** Provided records follows **

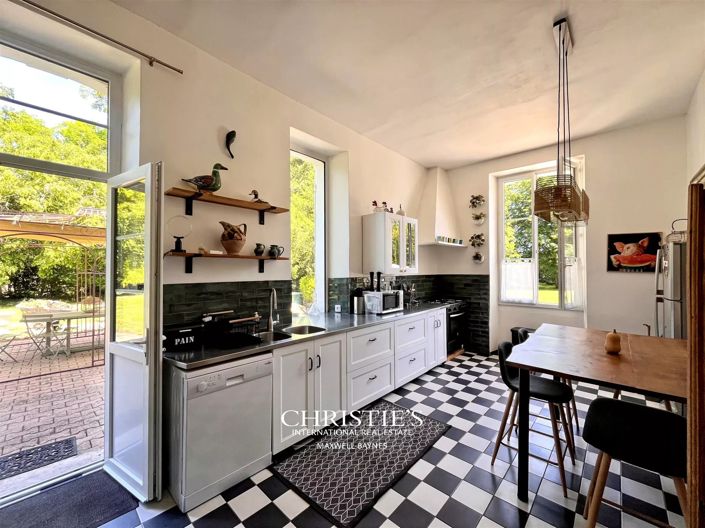 Image No.8-9 Bed House for sale
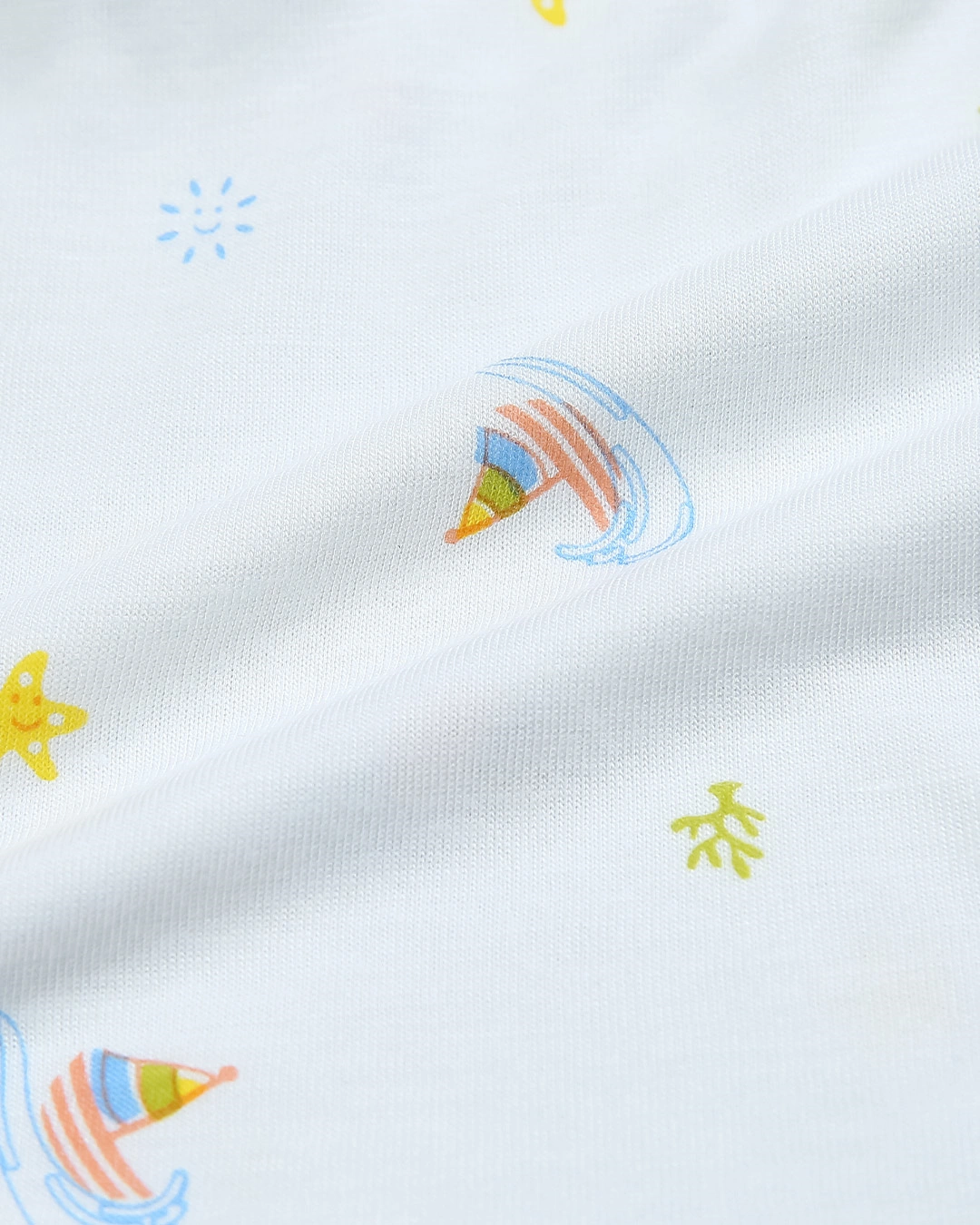 Quần ngắn in thuyền IQ Baby màu trắng 5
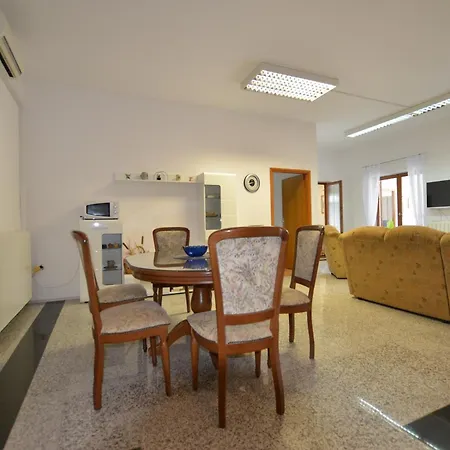 Zminj Apartments Apartment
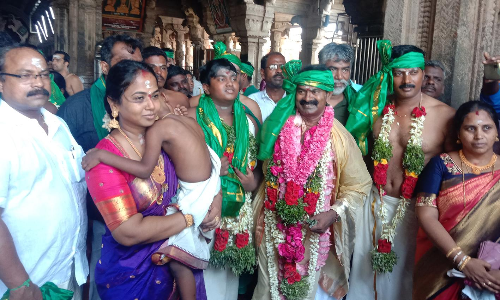 ராகுல் காந்தியின் நடைபயணம் மக்களுக்காக இல்லை- திருச்செந்தூரில் சீமான் பேட்டி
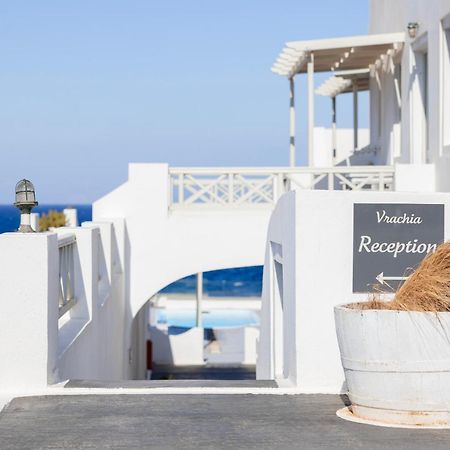 Vrachia Studios & Apartments Oia  Exterior photo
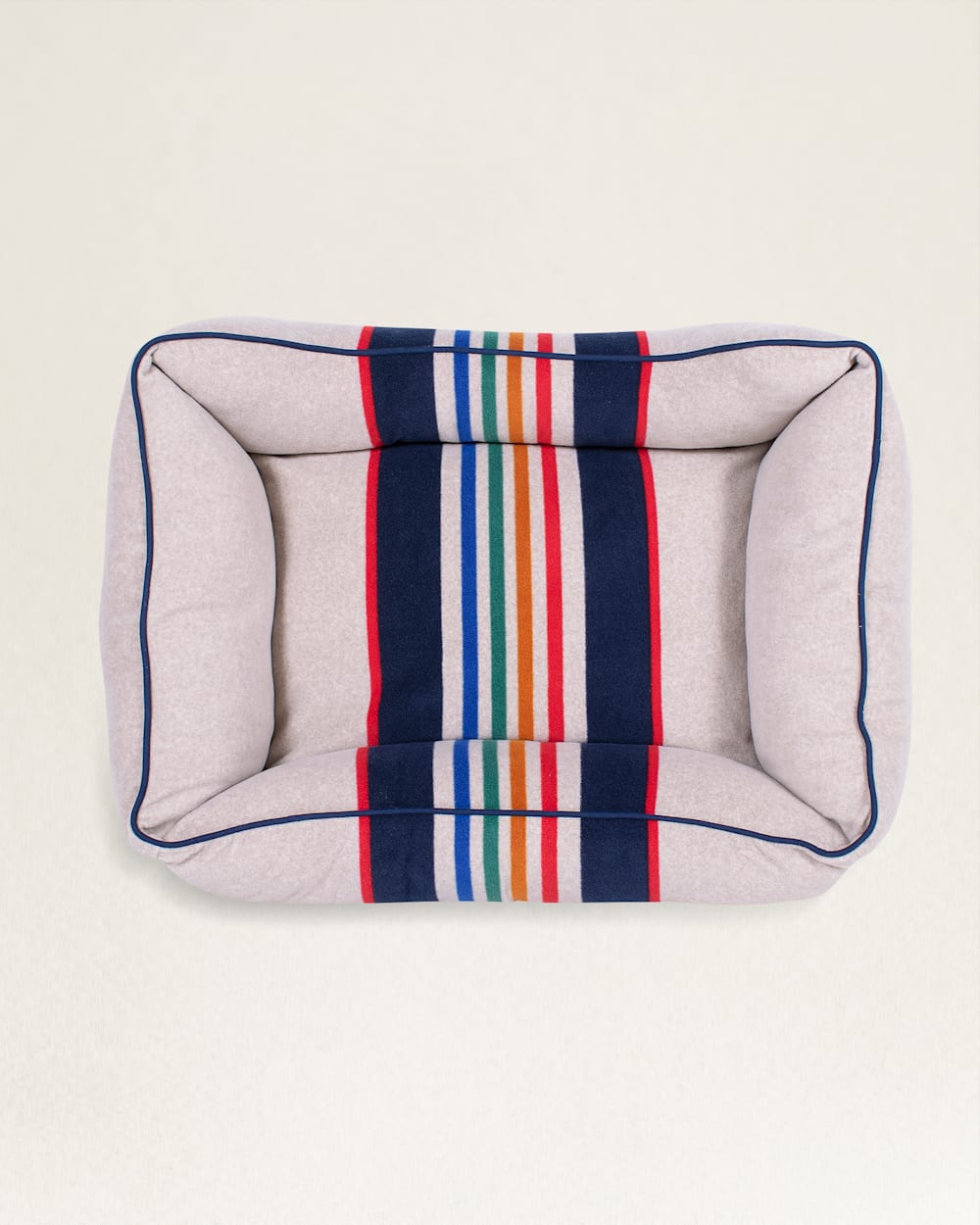 YELLOWSTONE NATIONAL PARK PET BED - KUDDLER - Pendleton Best Seller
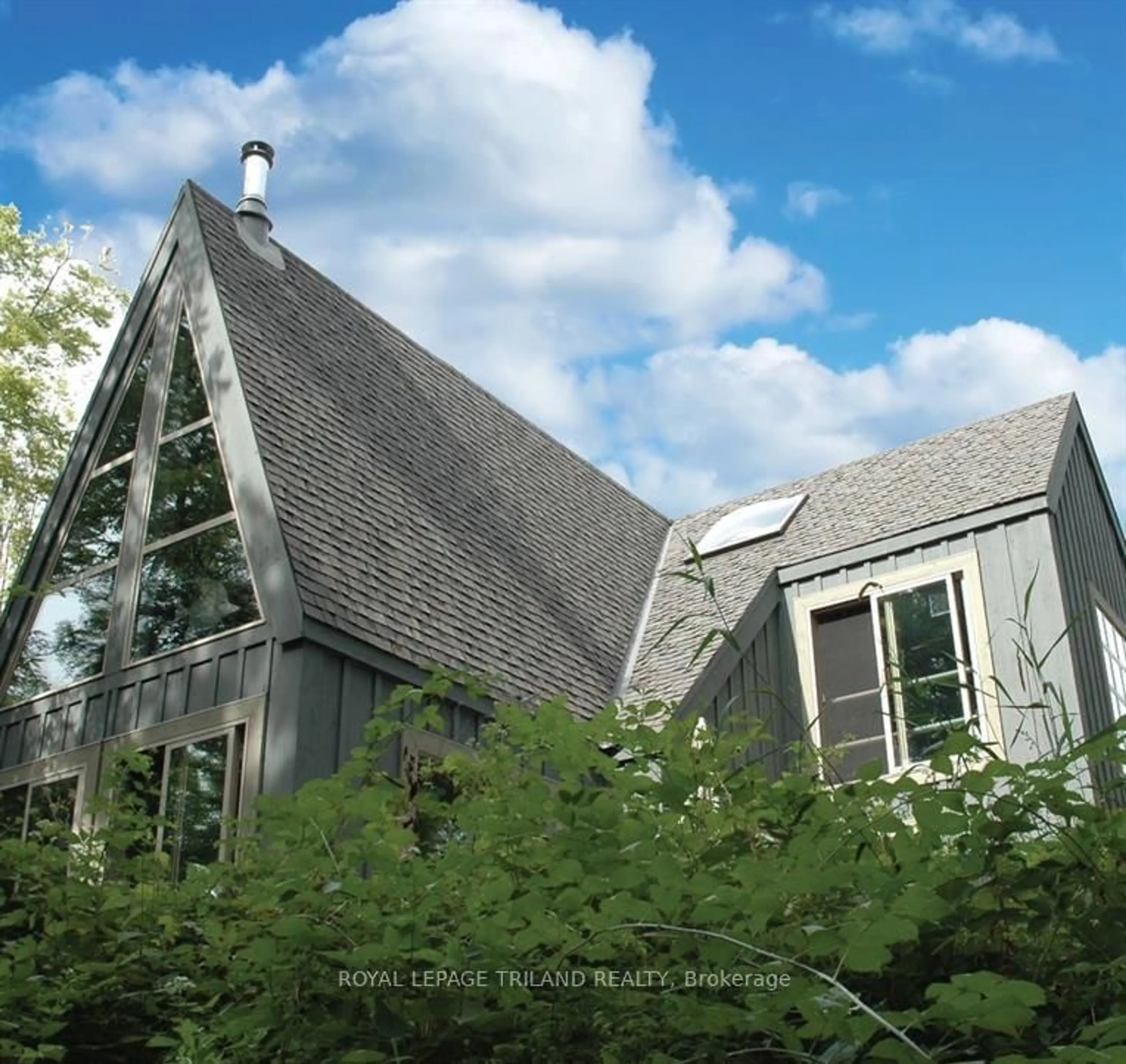 Home with vinyl exterior material, unknown for 253 Elginfield Rd, North Middlesex Ontario N0M 2K0
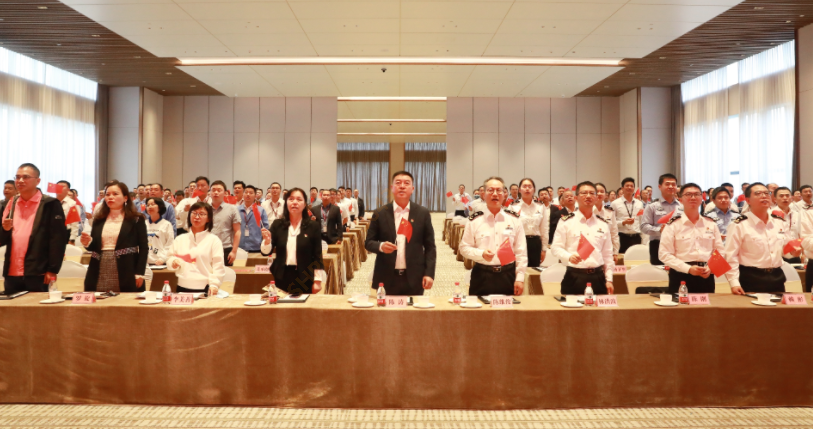 用音符谱写初心 用歌声唱响使命--音乐思政课走进星空电竞科技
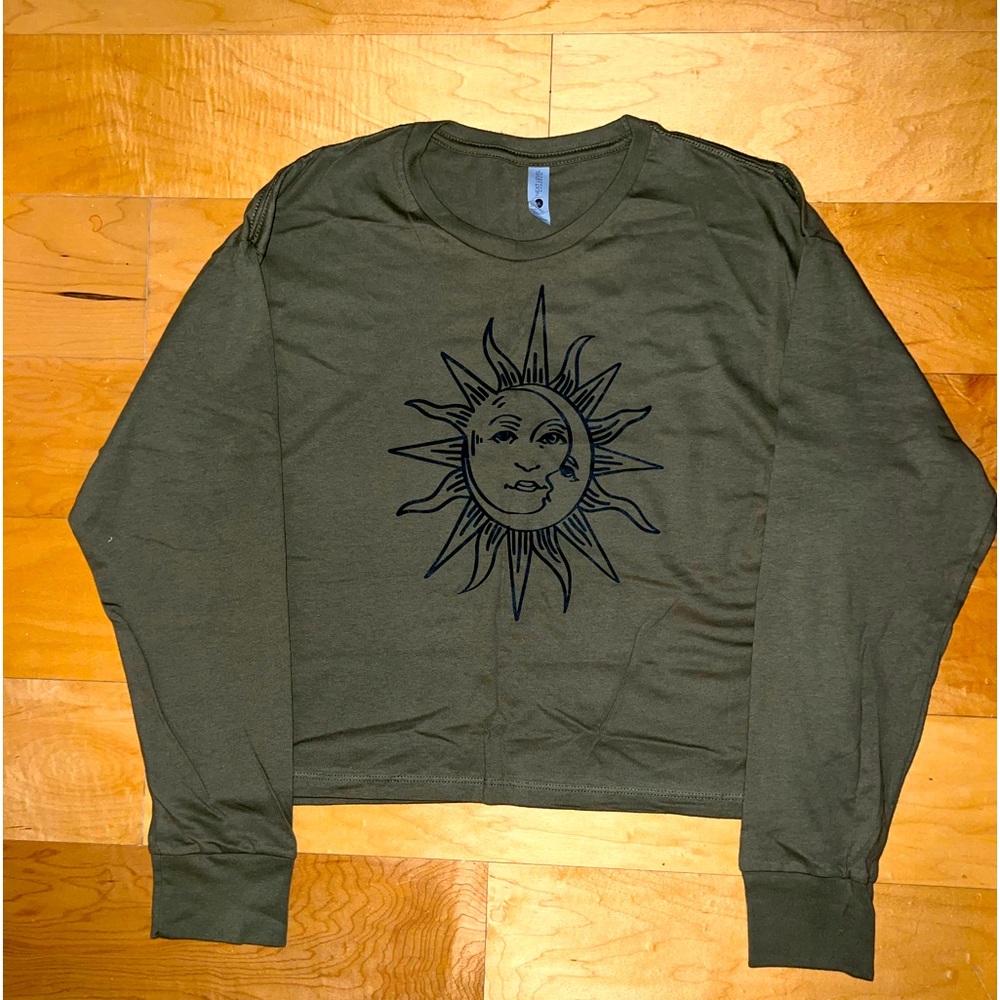 Large Next Level Apparel Sun/Moon Cropped Long Sleeve T-shirt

** End of Provided records **

- Task details: Once the pictures are set aside, write out the entries verbatim.

- Output below:
 Image No.8-9 Bed House for sale
 Quần ngắn in thuyền IQ Baby màu trắng 5
 Zminj Apartments Apartment
 ராகுல் காந்தியின் நடைபயணம் மக்களுக்காக இல்லை- திருச்செந்தூரில் சீமான் பேட்டி
 Vrachia Studios & Apartments Oia  Exterior photo
 YELLOWSTONE NATIONAL PARK PET BED - KUDDLER - Pendleton Best Seller
 Home with vinyl exterior material, unknown for 253 Elginfield Rd, North Middlesex Ontario N0M 2K0
 用音符谱写初心 用歌声唱响使命--音乐思政课走进星空电竞科技
 Large Next Level Apparel Sun/Moon Cropped Long Sleeve T-shirt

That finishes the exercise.